* [Xen-devel] [TESTDAY] Test report
@ 2019-11-14 18:34 Tamas K Lengyel
2019-11-14 18:39 ` Andrew Cooper
0 siblings, 1 reply; 11+ messages in thread
From: Tamas K Lengyel @ 2019-11-14 18:34 UTC (permalink / raw)
To: Xen-devel
* Hardware: i7-2700
* Software: Debian buster
* Guest operating systems: Debian stretch
* Functionality tested: compiling, installing, Booting with dom0=pvh
* Comments: All works
----
* Hardware: i3-7100
* Software: Debian buster
* Guest operating systems: Debian stretch, debian jessie, windows 7
sp1 x86, windows7 sp1 x64, windows 10 1903
* Functionality tested: compiling, installing, booting from UEFI via
grub.efi, altp2m, introspection
* Comments: All works, altp2m+introspection requires the ept=pml=0
boot flag specified to workaround a deadlock in Xen
_______________________________________________
Xen-devel mailing list
Xen-devel@lists.xenproject.org
https://lists.xenproject.org/mailman/listinfo/xen-devel
^ permalink raw reply [flat|nested] 11+ messages in thread
* Re: [Xen-devel] [TESTDAY] Test report
2019-11-14 18:34 [Xen-devel] [TESTDAY] Test report Tamas K Lengyel
@ 2019-11-14 18:39 ` Andrew Cooper
2019-11-14 22:36 ` Tamas K Lengyel
0 siblings, 1 reply; 11+ messages in thread
From: Andrew Cooper @ 2019-11-14 18:39 UTC (permalink / raw)

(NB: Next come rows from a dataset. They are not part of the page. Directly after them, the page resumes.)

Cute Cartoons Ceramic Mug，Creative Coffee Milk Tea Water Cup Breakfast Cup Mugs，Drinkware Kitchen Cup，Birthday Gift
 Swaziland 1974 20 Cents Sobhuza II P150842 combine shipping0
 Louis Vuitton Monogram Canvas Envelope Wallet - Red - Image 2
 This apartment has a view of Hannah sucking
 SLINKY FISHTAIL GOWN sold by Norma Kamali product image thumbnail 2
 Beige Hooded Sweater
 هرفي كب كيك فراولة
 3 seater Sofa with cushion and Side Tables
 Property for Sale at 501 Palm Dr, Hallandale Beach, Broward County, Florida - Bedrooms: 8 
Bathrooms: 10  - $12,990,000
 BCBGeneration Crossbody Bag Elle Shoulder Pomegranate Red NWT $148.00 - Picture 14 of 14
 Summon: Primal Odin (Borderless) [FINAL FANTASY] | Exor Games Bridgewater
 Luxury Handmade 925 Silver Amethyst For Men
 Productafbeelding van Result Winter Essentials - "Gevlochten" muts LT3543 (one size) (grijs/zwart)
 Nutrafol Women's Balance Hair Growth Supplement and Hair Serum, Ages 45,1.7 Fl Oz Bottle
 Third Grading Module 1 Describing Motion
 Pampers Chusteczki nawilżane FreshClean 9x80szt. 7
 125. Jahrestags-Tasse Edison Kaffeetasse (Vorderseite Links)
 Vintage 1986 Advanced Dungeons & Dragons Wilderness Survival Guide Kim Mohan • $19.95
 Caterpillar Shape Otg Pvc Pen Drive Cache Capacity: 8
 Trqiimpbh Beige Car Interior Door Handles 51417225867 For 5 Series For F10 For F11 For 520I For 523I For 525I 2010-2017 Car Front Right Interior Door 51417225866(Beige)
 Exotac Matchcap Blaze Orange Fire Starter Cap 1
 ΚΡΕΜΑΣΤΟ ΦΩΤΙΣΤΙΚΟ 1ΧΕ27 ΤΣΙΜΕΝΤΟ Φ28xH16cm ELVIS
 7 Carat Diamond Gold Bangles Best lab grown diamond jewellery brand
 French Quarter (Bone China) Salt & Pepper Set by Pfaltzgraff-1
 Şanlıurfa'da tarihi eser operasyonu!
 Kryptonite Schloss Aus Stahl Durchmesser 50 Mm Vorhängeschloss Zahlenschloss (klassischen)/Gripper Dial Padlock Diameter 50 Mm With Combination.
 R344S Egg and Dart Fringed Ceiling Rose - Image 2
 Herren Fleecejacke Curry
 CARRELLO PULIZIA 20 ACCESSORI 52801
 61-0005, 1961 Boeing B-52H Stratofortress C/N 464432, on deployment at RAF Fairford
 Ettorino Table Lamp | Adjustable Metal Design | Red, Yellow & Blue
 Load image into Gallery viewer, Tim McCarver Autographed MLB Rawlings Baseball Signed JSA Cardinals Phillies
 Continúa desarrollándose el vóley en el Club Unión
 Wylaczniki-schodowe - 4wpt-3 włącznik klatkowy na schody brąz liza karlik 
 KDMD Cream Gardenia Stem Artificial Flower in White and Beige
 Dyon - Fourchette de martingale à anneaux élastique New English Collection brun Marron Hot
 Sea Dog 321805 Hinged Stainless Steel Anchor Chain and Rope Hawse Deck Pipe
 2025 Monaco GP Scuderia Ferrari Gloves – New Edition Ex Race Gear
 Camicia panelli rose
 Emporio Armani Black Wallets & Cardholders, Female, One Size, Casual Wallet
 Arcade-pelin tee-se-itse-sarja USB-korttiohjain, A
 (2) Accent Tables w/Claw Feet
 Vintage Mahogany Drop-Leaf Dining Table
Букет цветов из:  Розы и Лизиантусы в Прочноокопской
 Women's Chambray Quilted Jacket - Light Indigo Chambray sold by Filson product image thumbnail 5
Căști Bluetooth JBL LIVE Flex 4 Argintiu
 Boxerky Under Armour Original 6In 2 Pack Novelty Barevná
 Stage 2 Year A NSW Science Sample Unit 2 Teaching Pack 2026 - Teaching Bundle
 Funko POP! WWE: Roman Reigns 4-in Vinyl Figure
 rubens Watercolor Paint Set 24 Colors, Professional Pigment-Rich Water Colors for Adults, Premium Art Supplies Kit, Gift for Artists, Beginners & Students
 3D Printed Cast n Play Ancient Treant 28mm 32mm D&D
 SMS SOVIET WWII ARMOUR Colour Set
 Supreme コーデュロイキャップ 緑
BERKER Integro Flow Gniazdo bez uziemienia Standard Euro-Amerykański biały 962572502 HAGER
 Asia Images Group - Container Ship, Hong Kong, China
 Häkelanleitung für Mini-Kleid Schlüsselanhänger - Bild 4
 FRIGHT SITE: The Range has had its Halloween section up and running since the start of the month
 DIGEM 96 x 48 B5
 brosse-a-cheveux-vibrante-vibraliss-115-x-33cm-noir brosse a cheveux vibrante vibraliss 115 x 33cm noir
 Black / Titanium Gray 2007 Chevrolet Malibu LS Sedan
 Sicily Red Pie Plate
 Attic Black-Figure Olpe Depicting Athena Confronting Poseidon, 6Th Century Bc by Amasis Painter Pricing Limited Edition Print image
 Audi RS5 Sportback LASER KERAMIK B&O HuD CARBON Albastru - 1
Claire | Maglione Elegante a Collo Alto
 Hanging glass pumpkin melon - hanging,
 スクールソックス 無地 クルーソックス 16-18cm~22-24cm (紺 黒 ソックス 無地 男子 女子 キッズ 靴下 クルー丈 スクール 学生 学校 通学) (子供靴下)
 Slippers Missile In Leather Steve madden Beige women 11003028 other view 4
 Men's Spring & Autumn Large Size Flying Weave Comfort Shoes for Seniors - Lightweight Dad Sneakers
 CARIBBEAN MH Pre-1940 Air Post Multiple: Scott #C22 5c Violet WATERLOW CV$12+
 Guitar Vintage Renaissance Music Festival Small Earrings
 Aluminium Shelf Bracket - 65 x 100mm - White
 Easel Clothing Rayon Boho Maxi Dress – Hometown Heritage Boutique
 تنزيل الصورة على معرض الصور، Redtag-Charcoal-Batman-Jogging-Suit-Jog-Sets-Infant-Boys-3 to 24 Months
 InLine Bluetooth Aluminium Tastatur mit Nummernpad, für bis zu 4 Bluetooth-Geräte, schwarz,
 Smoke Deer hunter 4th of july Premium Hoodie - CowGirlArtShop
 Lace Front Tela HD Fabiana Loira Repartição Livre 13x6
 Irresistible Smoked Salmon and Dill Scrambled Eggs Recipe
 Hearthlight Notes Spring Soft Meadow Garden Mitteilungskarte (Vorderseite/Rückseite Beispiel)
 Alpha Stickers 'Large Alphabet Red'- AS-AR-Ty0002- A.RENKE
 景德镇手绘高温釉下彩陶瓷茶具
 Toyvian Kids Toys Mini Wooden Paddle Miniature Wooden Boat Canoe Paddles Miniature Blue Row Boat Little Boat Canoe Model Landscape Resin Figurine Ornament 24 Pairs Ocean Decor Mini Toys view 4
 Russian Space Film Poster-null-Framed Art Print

To: Tamas K Lengyel, Xen-devel
On 14/11/2019 18:34, Tamas K Lengyel wrote:
> * Comments: All works, altp2m+introspection requires the ept=pml=0
> boot flag specified to workaround a deadlock in Xen
Is this separate from the general problem with EPT A/D and
write-protecting pagetables?
~Andrew
_______________________________________________
Xen-devel mailing list
Xen-devel@lists.xenproject.org
https://lists.xenproject.org/mailman/listinfo/xen-devel
^ permalink raw reply [flat|nested] 11+ messages in thread
* Re: [Xen-devel] [TESTDAY] Test report
2019-11-14 18:39 ` Andrew Cooper
@ 2019-11-14 22:36 ` Tamas K Lengyel
2019-11-15 11:56 ` Andrew Cooper
0 siblings, 1 reply; 11+ messages in thread
From: Tamas K Lengyel @ 2019-11-14 22:36 UTC (permalink / raw)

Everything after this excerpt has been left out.